Es una tradición silenciosa que involucra a tempranos socialistas y anarquistas, a herejes medievales y revolucionarios de la era cibernética. Está en las antípodas de Los trabajos y los días del poeta Hesíodo, que vivió entre los siglos VIII y VII a.C., donde el trabajo era tanto castigo divino como medio de dignificación, y de todas las lecciones bíblicas que parece haber inspirado, comenzando por el Génesis 3,19: “Con el sudor de tu frente...”. De los mundos utópicos del Renacimiento (La ciudad del solde Tomasso Campanella, Utopía de Tomas Moro, Nueva Atlántida de Francis Bacon), donde el trabajo era una obligación generalizada, y de la literatura socialista de los últimos doscientos años. Del artículo 23 inciso 1 de la Declaración Universal de los Derechos Humanos: “Toda persona tiene derecho al trabajo...”, y de todas las leyes y declaraciones de tono similar que se remontan hasta Édit su l’abolition des jurandes, obra de 1776 de Turgot: “El derecho a trabajar [es] la propiedad de todo hombre, y esta propiedad es la primera, la más sagrada y la más imprescriptible de todas”. Del fundador del Opus Dei, Josemaría Escrivá de Balaguer, cuando decía que la vida del cristiano implica “santificar la profesión, santificar en la profesión, santificar con la profesión”, y de “Right to work”, canción de 1977 del grupo punk británico Chelsea: “Ni siquiera sé qué me espera mañana/ Pero dejame decirte que no tener futuro es una cosa terrible/ Dar vueltas y esperar un trabajo/ Tenemos el derecho al trabajo”.

Esta tradición silenciosa es apenas comprensible en un mundo fundado en el ideal de más y mejores empleos. Sin embargo, existe.

Es la tradición de todos aquellos que han bregado por el derecho a no trabajar.

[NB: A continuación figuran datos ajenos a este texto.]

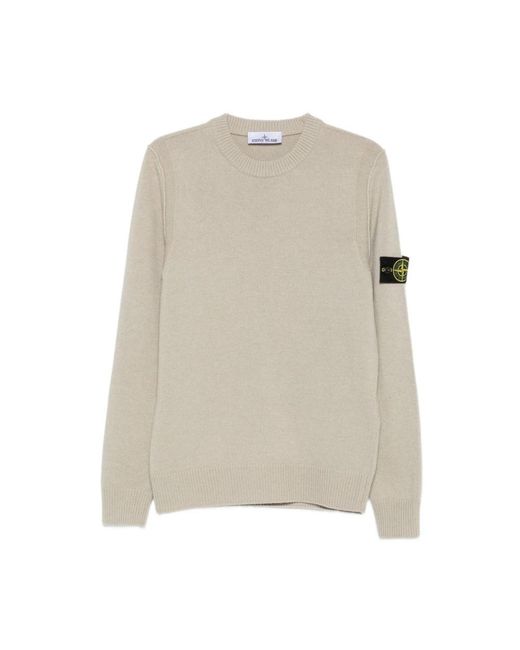 Stone Island Natural Round-Neck Knitwear for men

Cuando el punk explotó a fines de los 70, el Reino Unido pagaba los platos rotos de la crisis del petróleo: inflación, devaluación, desempleo. Hay montones de canciones grabadas en esos años que hablan sobre estar desempleado, y desde entonces no hubo reseña sobre el punk que evadiera la moraleja bíblica y socialista: sin trabajo no hay futuro. En 1977 los Sex Pistols lanzaron su simple “Pretty vacant”, cuyo estribillo decía: “Estamos bien desocupados y no nos importa”. Greil Marcus escribió en Rastros de carmín: “En ‘Pretty vacant’ los Sex Pistols reclamaban el derecho a no trabajar, y el derecho a ignorar todos los valores que eso implicaba: perseverancia, ambición, piedad, frugalidad, honestidad y esperanza, el pasado que Dios había inventado para que pagáramos por él, el futuro que habría de construirse por medio del trabajo”. No es casualidad. El manager de Sex Pistols, Malcom McLaren, diseñaba ropa con inscripciones del Mayo Francés (“No trabajes nunca”; “Mirá tu trabajo, la nada y la tortura participan en él”; “No cambiemos de empleadores, cambiemos el empleo de la vida”; “No liquiden a los inertes”) y había ayudado a publicar Leaving the 20th century de Christopher Gray, la primera antología en inglés de textos situacionistas.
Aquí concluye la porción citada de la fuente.